Task goal: Make an exact transcript of the lines in the data below, starting with the one containing "La Que Me Tiene Loco (En Vivo)" and going on through the one containing "Perawatan Perlu Dilakukan", with both included and the pictures left out.

Data to use:
▼

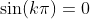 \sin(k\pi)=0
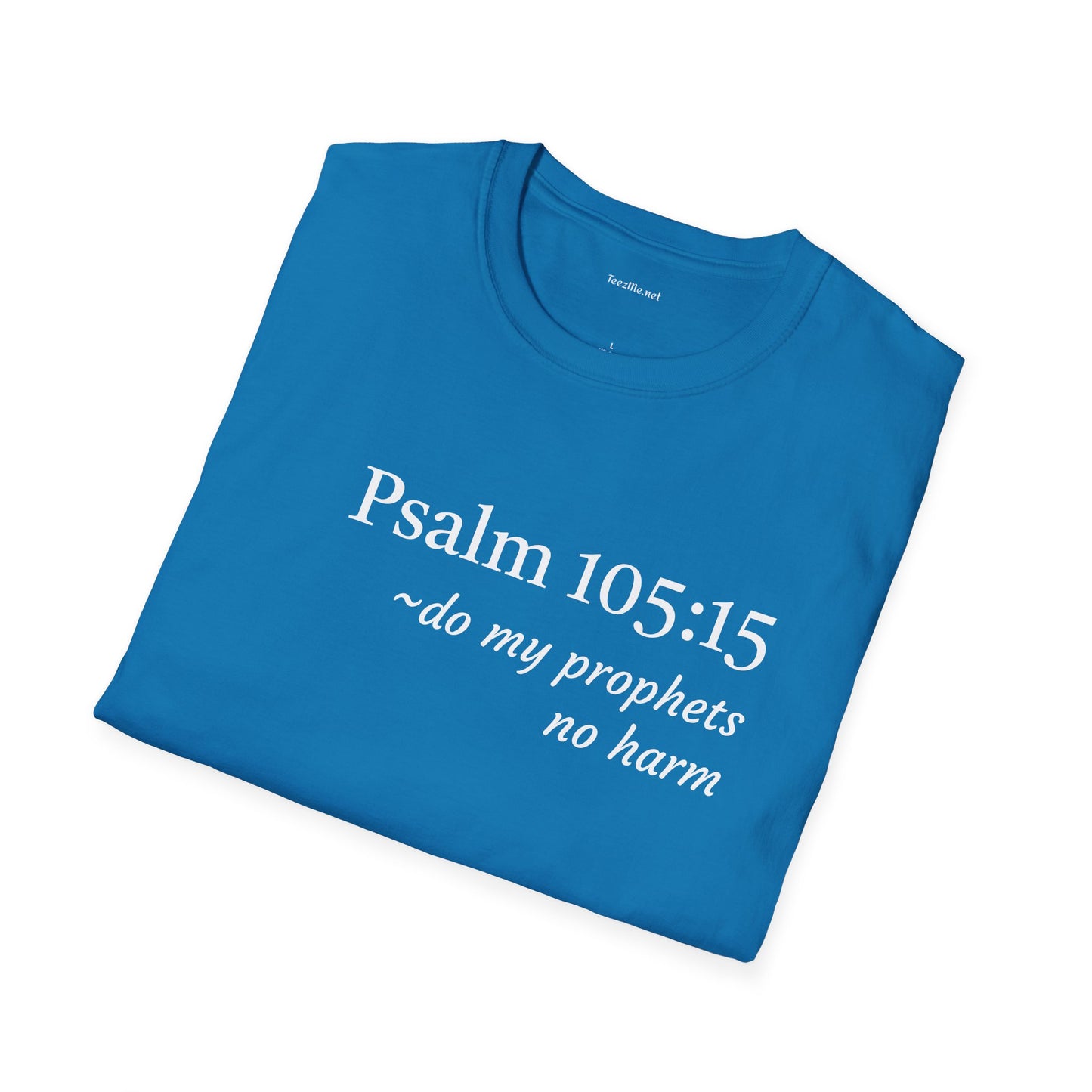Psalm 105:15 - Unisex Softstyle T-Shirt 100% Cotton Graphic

▲
▼

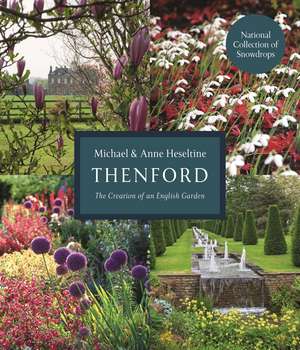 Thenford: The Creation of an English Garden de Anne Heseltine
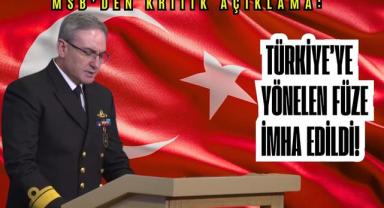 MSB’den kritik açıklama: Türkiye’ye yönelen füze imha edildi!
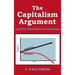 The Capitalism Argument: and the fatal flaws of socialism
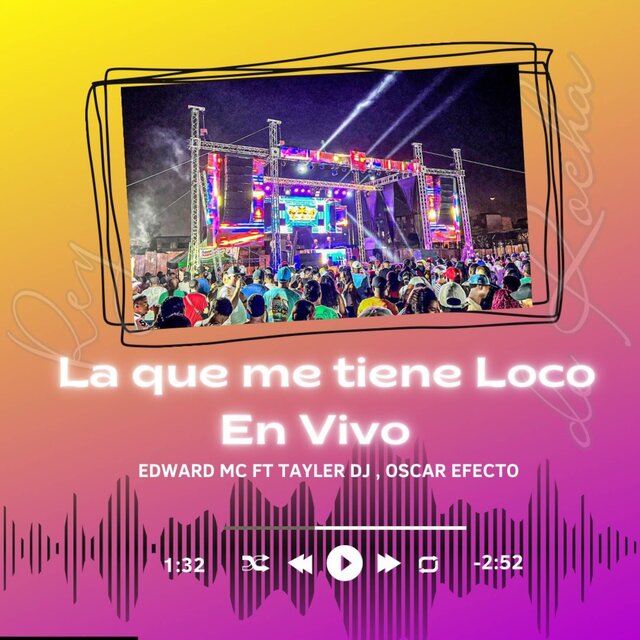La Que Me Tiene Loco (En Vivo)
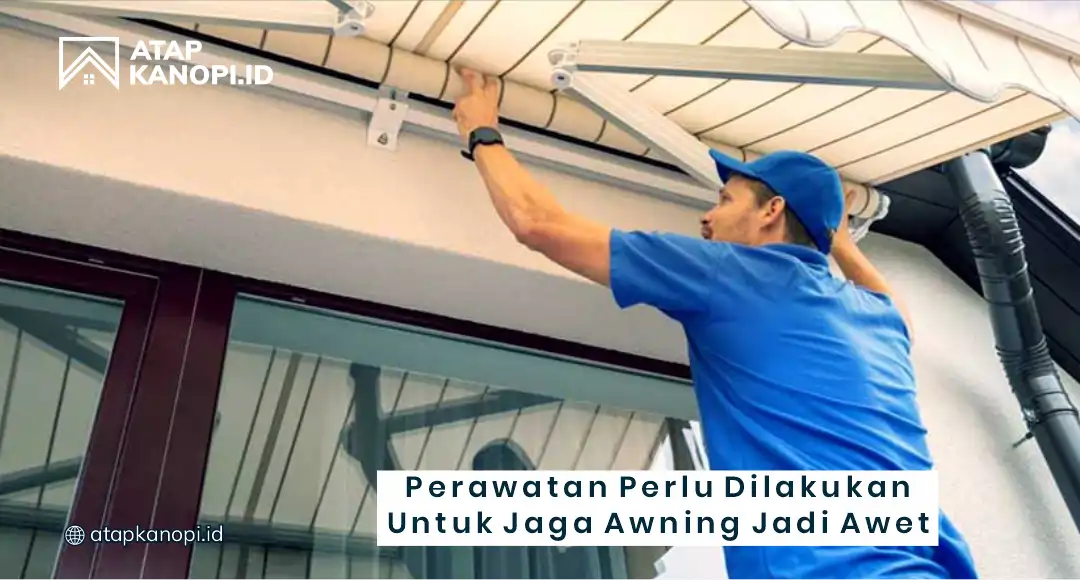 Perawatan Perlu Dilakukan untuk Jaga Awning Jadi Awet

▲
▼

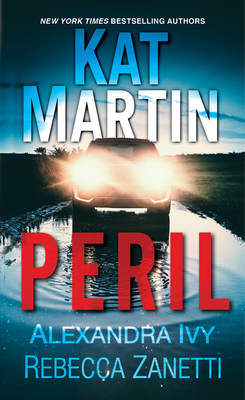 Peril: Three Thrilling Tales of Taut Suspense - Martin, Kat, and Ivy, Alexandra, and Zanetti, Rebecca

▲

Reply:
La Que Me Tiene Loco (En Vivo)
 Perawatan Perlu Dilakukan untuk Jaga Awning Jadi Awet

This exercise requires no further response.